ニフコという東証一部上場企業の会長が10億円の申告漏れで1億数千万円の追徴をされていたことが分かりました。この記事は主要紙でも取り上げているところが少ないのですが、読売だけは社会面トップでかなり詳しく掲載しています。こんな興味深い事件をなぜ日経が記事にしなかったか、これは不思議であります。

さて、この会長さんの税回避とは香港に2008年に移住し、住所も移したことでご本人は課税の主権は香港にあると認識していました。

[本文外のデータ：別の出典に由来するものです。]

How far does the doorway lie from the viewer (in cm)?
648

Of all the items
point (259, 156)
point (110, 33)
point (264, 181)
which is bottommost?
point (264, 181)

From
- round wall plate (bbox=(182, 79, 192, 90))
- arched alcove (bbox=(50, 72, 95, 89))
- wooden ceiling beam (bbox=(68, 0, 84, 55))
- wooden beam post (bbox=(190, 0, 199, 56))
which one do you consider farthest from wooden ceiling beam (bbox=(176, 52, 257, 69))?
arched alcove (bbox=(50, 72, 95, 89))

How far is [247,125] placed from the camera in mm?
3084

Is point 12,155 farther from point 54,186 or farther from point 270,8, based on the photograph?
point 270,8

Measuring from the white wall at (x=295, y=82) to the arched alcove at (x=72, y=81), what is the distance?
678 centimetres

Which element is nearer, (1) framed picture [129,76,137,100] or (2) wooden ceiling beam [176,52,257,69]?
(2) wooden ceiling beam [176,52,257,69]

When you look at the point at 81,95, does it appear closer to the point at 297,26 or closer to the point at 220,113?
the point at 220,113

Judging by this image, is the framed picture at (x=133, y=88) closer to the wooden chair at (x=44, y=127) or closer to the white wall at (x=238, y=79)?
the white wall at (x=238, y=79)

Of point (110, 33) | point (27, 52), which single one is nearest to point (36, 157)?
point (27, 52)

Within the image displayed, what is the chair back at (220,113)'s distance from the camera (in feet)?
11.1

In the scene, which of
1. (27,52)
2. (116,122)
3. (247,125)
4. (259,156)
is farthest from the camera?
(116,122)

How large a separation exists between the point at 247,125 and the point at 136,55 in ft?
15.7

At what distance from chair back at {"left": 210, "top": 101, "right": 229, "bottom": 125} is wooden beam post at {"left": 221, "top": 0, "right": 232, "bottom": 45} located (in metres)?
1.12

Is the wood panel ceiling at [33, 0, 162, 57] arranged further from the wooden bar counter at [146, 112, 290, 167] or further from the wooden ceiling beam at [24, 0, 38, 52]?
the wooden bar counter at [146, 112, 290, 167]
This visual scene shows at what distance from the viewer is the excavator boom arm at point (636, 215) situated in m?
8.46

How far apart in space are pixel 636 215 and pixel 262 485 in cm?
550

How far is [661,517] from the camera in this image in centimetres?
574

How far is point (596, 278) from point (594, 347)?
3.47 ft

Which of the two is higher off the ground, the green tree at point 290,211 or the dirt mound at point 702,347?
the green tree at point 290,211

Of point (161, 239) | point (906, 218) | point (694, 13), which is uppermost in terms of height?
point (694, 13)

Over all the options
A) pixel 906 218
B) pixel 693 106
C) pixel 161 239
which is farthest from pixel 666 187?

その後、日本での事業に本格復帰したものの香港の住所のままで「日本の滞在日数が香港を大きく上回っていた」ことや「ニフコの経営の実権を握っていた」ことからこの会長さんの生活の本拠は日本であり、日本で納税すべきであったと認定されています。

このニュースのポイントは富裕層が海外に永住権などを取得し、その国に納税することで日本国内の課税を免れるというスキームに困難性があるということを示しています。私も以前にも書きましたし、読売新聞の解説にも記載されているのですが、日本の国税局はいわゆる「武富士事件」と称される同社創業者の長男への贈与課税をめぐる1600億円の裁判で国税が敗訴、国は納付済みの同額プラス利息付保400億円を返還する大失態を演じたことから海外税逃れに極めて厳しい姿勢を貫いています。

今年から始まった海外資産を5000万円以上持っている人の開示義務も富裕層のキャピタルフライトを難しくすることになりそうです。

富裕層の節税や税逃れは日本に限ったことではなく、世界中で起きている問題であります。主要国は「とりっぱぐれ」をなくすため、あらゆる手段を駆使しております。いわゆるタックスヘイブンと称するスキームはおおざっぱにいえば税率の差額を利用して節税、脱税をするわけで一昔前はそれがうまくワークしていたのであります。ところが当局が目を光らせ始め、公認会計士会社のコンサル部門はこれを回避する裏技を見つけ出すいたちごっこで結果としてコンサル会社の懐を温めて来たのであります。

今回のニフコの会長さんの事件の場合、詳細は調査が必要ですが、日本での居住の事実をどう捉えるかが決め手になっているようにみえます。その文面からは注目すべき点は183日ルール(一年の半分以上を居住しているかで課税を決めるとするもの)から実質的な活動拠点の発想に変わってきているように思えます。それはパーマネントトラベラー(PT)と称する海外に3つ以上の居住地を設けることで一か所の滞在が年間183日に達せず、結果として課税主体の国が無くなる状態を作っているケースがあるということです。

二点目にニフコの経営を実質的にしていたという点に着目すべきです。実質とは「実務」と考えてよくその場に定常的に滞在し、業務を推進しているという意味です。これをわかりやすい例えにするとアメリカに業務出張で行く場合日本人はビザ免除規定がありますが、これは実務を含まない前提になっています。つまり、出張期間にアメリカでラインの仕事(従業員を使い、実質的な業務をすること)はダメなのです。

一言でまとめると日本で流行の富裕者キャピタルフライトはキャピタルだけフライトだけでなく自分もフライトしなくてはいけないということであります。棄民とまでは言いませんが、お金とカラダは一体であり、税金を逃れるのなら日本から引き払い、且つ節税したお金を子孫に引き継がせるには家族ともどもフライトしなくてはいけないということです。これができる人はほとんどいないはずで、日本の場合最終的に相続税で捕捉され、逃げることは不可能と言われるのはそのことなのであります。

ただ、税金を逃れてたいと思う気持ちは世の常。富裕層となればなお一層です。怪しげなコンサルなるものが耳元でささやくそのビジネスはきっと絶えないのだろうと思います。私もこんな世界をのぞき見してきていますが意外なあっと驚くスキームがまだありますからこのバトル、まだまだ続きそうです。

今日はこのぐらいにしておきましょう。